A major reason for his role in the case is Wilberding’s experience with the military in sensitive, closely watched cases with major social implications. A generation ago, Wilberding served as a military attorney in the infamous trials surrounding the My Lai massacre during the Vietnam War.
That case is very much on his mind now.
Wilberding, who earned his law degree from Notre Dame University, wrote the cover story this month for Vietnam magazine on the 40th anniversary of My Lai on March 16, 1968.
“One of the rifle platoons of Charlie Company was led by Lt. William L. Calley who swept through the My Lai 4 subhamlet and, according to the testimony at his court-martial, gathered together hundreds of old men, women and children — perhaps as many as 500 — and then systematically massacred them,” Wilberding said.
Calley was charged and subsequently convicted by a general court-martial board.
As a young Army Judge Advocate General captain, Wilberding was assigned the responsibility to represent the government in Calley’s appeal of his conviction. Wilberding briefed and argued the case before the military appellate courts with the eyes of the nation on it.
Calley’s life sentence was later reduced. He lived under house arrest in Fort Benning, Ga., and then served four months at Fort Leavenworth before being paroled by the Army. Today he manages a jewelry store in Georgia that he inherited from his father.
Wilberding said he has not spoken to Calley since the trial.
Wilberding said the lessons of My Lai are relevant today.

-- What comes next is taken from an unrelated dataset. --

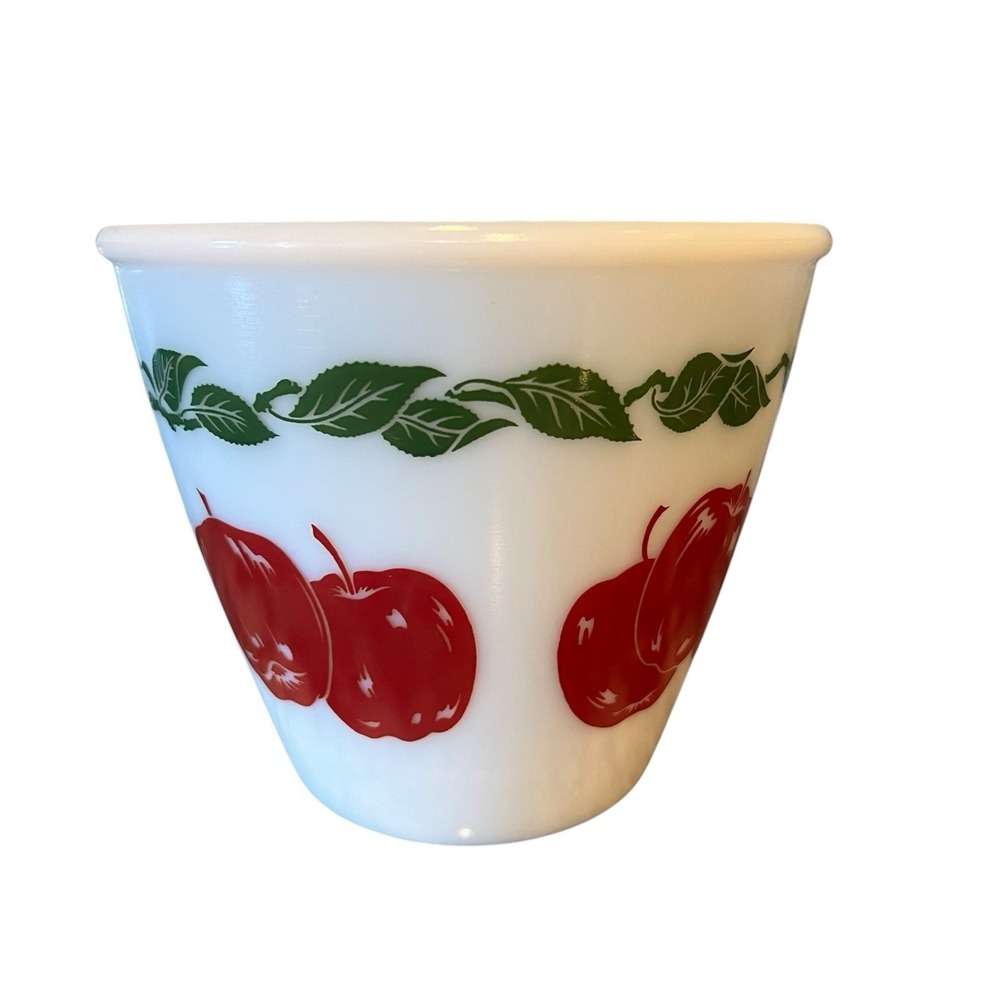 Vintage Hazel Atlas Apple Milk Glass 5" Splash Proof Mixing Bowl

“There is an enduring risk that one or more incidents like My Lai will recur in other ‘nonconventional’ wars,” Wilberding writes in the Vietnam magazine article.
He referenced the Abu Ghraib prison abuse cases in Iraq as one episode that has been compared to My Lai.
“The need for discipline in the military must be tempered with more effective training on the absolute obligation to protect both non-combatants and combatants who are no longer a danger and completely under control,” Wilberding said.

Like My Lai, the Lauterbach case also involves a breakdown in military order, he said.
Wilberding, who told Iowa Independent that suing the Marines is a “difficult proposition,” said the military could have done more to protect Lauterbach after she made the rape charge — chiefly separating the duties of the two Marines as the investigation proceeded.
“Yeah, clearly I think they could have done things to protect her,” Wilberding said.
Since he has been a visible advocate for Lauterbach, and by extension, women serving in the U.S. military, Wilberding said he’s been contacted by many parents of females in the services — and women in uniform themselves.
One parent told him, “The only difference is my daughter hasn’t been murdered yet.”
They see parallels with the Lauterbach case and their own experiences in the military, a culture Wilberding said that has not fully accepted women.
“I don’t think they (the military) have been fully able to absorb the cultural aspects,” Wilberding said.
After graduating from St. Bernard’s High School in Breda, Wilberding earned a bachelor’s degree from St. Mary’s University (Minnesota), and then his law degree from Notre Dame.
He has practiced law for the past 35 years in Dayton, Ohio, at Coolidge Wall, LPA, a law firm of more than 40 lawyers. He has authored four books and a large number of law review and general interest articles.
(Photos: (Top) As a young Army JAG captain, Merle Wilberding was assigned the responsibility to represent the Government in Lt. Calley’s appeal of his conviction in the infamous My Lai massacre. Merle Wilberding briefed and argued the case before the military appellate courts. Those arguments were memorialized in a series of courtroom sketches that appeared in a report by Bob Schieffer on the CBS Evening News on Dec. 4, 1972. After his own discharge, Merle Wilberding acquired one of those original courtroom sketches and is seen standing beside it in the accompanying photograph. Today, Wilberding is the attorney for the family of a slain female Marine whose suspected killer is reportedly on the run in Mexico. (Middle) Maria Lauterbach. (Bottom) Cover of Vietnam magazine.)